Captioned web images:

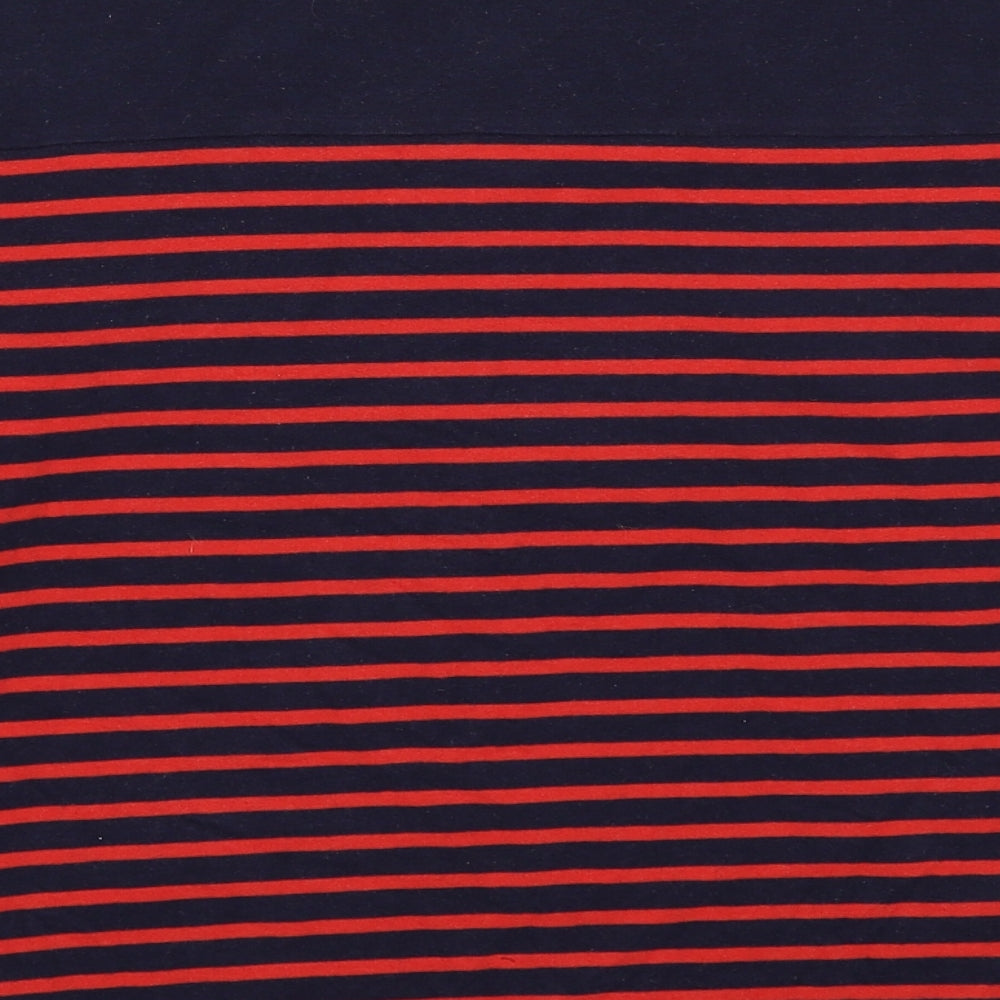 Marks and Spencer Womens Red Striped Cotton Pullover Sweatshirt Size 12 Pullover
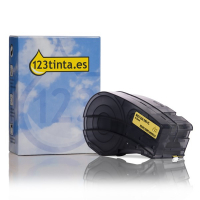 Brady M21-250-595-YL cinta de vinilo negro sobre amarillo 6,35 mm x 6,40 m (marca 123tinta)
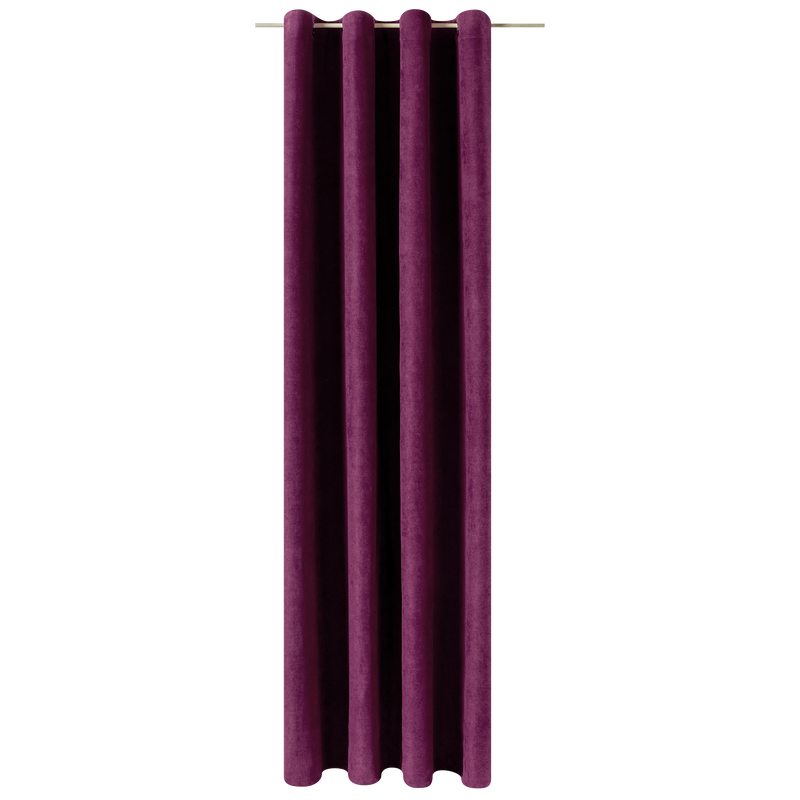 Rideau WALL STREET coloris prune 145 x 260 cm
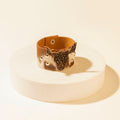 Myra Herd Boss Hairon Cuff in Speckled Brown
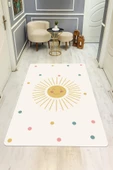 Parlak Kadife Kumaş Dijital Baskı Dot Kaymaz Tabanlı Çocuk ve Genç Odası Halısı H0626 RENKLİ 80 X 200 thumbnail 2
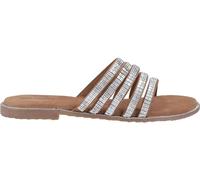 Hush Puppies Hush Puppies Tan/Silver Glitter Paris Slide Sandals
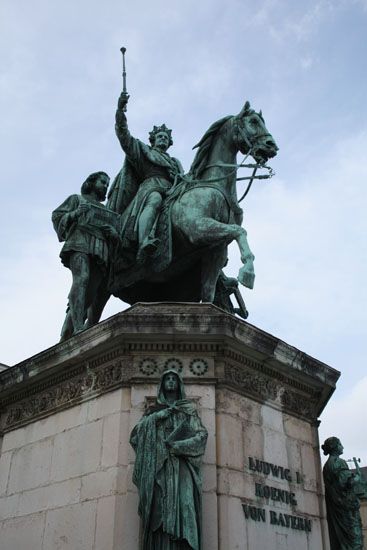 Reiterstandbild König Ludwig I, König von Bayern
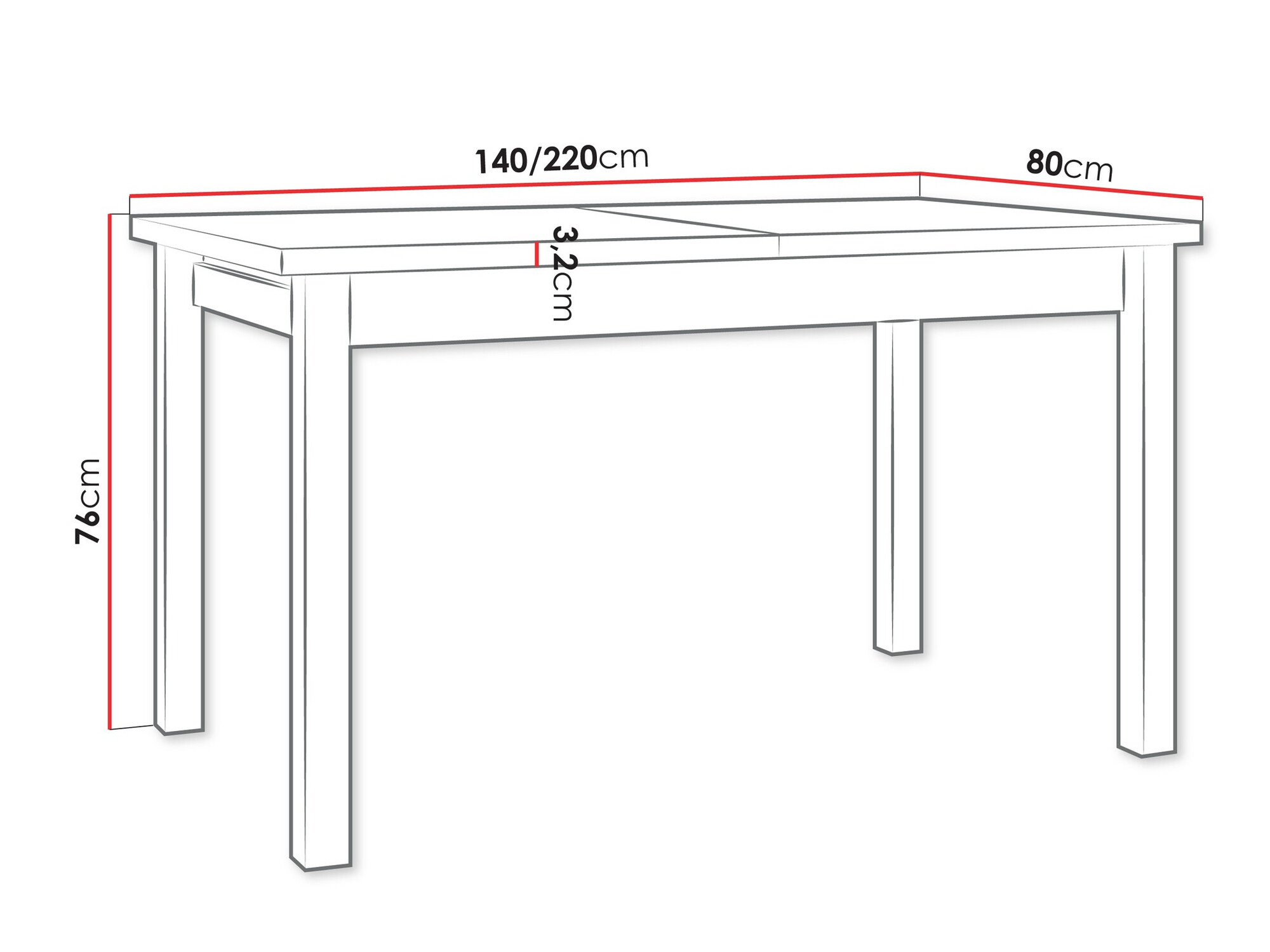 Tafel Victorville 359 (Kleinzoon eik + Zwart)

▶ **PROBLEM TO SOLVE**:
Retype the data above verbatim, minus images.

▶ **PROBLEM SOLUTION**:
 Marks and Spencer Womens Red Striped Cotton Pullover Sweatshirt Size 12 Pullover
 Brady M21-250-595-YL cinta de vinilo negro sobre amarillo 6,35 mm x 6,40 m (marca 123tinta)
 Rideau WALL STREET coloris prune 145 x 260 cm
 Myra Herd Boss Hairon Cuff in Speckled Brown
 Parlak Kadife Kumaş Dijital Baskı Dot Kaymaz Tabanlı Çocuk ve Genç Odası Halısı H0626 RENKLİ 80 X 200 thumbnail 2
 Hush Puppies Hush Puppies Tan/Silver Glitter Paris Slide Sandals
 Reiterstandbild König Ludwig I, König von Bayern
 Tafel Victorville 359 (Kleinzoon eik + Zwart)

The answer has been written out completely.